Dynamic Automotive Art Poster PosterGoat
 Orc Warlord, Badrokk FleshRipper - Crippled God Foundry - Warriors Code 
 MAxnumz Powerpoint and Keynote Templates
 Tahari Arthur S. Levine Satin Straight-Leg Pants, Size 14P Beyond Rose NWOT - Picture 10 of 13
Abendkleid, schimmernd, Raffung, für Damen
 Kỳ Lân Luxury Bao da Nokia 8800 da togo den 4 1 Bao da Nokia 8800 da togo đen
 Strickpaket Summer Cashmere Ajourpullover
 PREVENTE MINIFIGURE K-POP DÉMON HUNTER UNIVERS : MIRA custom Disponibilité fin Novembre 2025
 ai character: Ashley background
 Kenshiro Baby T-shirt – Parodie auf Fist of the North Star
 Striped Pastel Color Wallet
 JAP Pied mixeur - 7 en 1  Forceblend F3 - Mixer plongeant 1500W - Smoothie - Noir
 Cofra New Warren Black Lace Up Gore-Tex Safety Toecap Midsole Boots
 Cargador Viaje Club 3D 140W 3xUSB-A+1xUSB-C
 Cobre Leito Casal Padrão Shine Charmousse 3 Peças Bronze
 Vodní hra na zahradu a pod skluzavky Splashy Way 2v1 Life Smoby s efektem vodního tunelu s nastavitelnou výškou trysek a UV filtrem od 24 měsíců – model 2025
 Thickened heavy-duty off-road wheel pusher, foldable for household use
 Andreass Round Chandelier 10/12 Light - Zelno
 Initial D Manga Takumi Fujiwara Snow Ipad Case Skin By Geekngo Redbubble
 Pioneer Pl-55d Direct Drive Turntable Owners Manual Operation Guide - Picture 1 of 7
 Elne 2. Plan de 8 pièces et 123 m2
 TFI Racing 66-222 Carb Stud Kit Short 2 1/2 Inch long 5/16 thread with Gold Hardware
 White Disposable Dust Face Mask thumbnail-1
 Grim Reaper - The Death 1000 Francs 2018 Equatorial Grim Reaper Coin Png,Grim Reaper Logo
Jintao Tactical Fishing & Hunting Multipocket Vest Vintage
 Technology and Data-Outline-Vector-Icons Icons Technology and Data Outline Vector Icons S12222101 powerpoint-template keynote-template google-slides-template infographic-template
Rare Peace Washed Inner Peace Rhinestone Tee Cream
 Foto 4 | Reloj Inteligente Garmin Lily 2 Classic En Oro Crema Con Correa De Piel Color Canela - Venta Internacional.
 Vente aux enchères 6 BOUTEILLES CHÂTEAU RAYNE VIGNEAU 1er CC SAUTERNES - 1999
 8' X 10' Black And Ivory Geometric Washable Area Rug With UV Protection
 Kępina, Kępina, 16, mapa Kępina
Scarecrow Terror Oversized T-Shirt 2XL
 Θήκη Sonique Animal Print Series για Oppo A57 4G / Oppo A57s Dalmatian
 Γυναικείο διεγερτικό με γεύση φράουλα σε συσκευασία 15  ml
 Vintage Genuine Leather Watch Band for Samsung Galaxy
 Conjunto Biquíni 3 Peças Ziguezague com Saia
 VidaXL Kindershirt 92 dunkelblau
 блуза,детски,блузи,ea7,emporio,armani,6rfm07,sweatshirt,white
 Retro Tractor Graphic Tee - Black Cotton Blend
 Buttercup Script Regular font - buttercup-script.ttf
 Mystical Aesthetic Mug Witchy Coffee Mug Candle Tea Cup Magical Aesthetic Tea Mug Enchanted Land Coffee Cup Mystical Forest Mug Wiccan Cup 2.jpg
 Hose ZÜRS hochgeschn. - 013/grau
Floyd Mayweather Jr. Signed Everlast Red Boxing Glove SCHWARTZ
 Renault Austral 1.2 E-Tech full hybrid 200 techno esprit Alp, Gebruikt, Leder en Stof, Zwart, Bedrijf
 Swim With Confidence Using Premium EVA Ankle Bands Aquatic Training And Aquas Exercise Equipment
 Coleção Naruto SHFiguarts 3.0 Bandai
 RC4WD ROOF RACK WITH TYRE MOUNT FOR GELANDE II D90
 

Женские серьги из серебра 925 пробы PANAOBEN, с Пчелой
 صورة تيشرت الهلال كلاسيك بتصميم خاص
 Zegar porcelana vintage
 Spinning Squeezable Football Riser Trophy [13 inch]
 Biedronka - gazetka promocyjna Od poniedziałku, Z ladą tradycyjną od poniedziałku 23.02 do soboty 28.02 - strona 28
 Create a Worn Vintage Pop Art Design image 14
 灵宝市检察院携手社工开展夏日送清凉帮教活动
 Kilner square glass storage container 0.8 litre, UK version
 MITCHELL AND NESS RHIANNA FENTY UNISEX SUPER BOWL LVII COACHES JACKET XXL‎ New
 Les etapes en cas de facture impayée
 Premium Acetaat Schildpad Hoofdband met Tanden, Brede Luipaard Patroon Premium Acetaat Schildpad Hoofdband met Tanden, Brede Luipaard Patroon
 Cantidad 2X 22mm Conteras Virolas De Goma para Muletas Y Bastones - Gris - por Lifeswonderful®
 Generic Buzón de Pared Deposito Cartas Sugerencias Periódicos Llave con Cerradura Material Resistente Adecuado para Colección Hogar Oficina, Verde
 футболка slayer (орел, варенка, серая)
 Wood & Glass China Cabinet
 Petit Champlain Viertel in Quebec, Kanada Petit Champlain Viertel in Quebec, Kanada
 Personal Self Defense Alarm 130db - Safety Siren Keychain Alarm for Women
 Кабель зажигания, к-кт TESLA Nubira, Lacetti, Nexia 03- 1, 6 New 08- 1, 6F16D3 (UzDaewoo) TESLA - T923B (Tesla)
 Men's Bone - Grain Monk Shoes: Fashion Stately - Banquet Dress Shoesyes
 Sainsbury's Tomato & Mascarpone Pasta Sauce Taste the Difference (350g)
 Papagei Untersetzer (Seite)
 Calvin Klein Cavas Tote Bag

• _Work task_: Using the entries above, return exactly the lines from the line with "блуза,детски,б" to the line with "Personal Self Defense", counting both of those lines.

• _Result of the exercise_:
 блуза,детски,блузи,ea7,emporio,armani,6rfm07,sweatshirt,white
 Retro Tractor Graphic Tee - Black Cotton Blend
 Buttercup Script Regular font - buttercup-script.ttf
 Mystical Aesthetic Mug Witchy Coffee Mug Candle Tea Cup Magical Aesthetic Tea Mug Enchanted Land Coffee Cup Mystical Forest Mug Wiccan Cup 2.jpg
 Hose ZÜRS hochgeschn. - 013/grau
Floyd Mayweather Jr. Signed Everlast Red Boxing Glove SCHWARTZ
 Renault Austral 1.2 E-Tech full hybrid 200 techno esprit Alp, Gebruikt, Leder en Stof, Zwart, Bedrijf
 Swim With Confidence Using Premium EVA Ankle Bands Aquatic Training And Aquas Exercise Equipment
 Coleção Naruto SHFiguarts 3.0 Bandai
 RC4WD ROOF RACK WITH TYRE MOUNT FOR GELANDE II D90
 

Женские серьги из серебра 925 пробы PANAOBEN, с Пчелой
 صورة تيشرت الهلال كلاسيك بتصميم خاص
 Zegar porcelana vintage
 Spinning Squeezable Football Riser Trophy [13 inch]
 Biedronka - gazetka promocyjna Od poniedziałku, Z ladą tradycyjną od poniedziałku 23.02 do soboty 28.02 - strona 28
 Create a Worn Vintage Pop Art Design image 14
 灵宝市检察院携手社工开展夏日送清凉帮教活动
 Kilner square glass storage container 0.8 litre, UK version
 MITCHELL AND NESS RHIANNA FENTY UNISEX SUPER BOWL LVII COACHES JACKET XXL‎ New
 Les etapes en cas de facture impayée
 Premium Acetaat Schildpad Hoofdband met Tanden, Brede Luipaard Patroon Premium Acetaat Schildpad Hoofdband met Tanden, Brede Luipaard Patroon
 Cantidad 2X 22mm Conteras Virolas De Goma para Muletas Y Bastones - Gris - por Lifeswonderful®
 Generic Buzón de Pared Deposito Cartas Sugerencias Periódicos Llave con Cerradura Material Resistente Adecuado para Colección Hogar Oficina, Verde
 футболка slayer (орел, варенка, серая)
 Wood & Glass China Cabinet
 Petit Champlain Viertel in Quebec, Kanada Petit Champlain Viertel in Quebec, Kanada
 Personal Self Defense Alarm 130db - Safety Siren Keychain Alarm for Women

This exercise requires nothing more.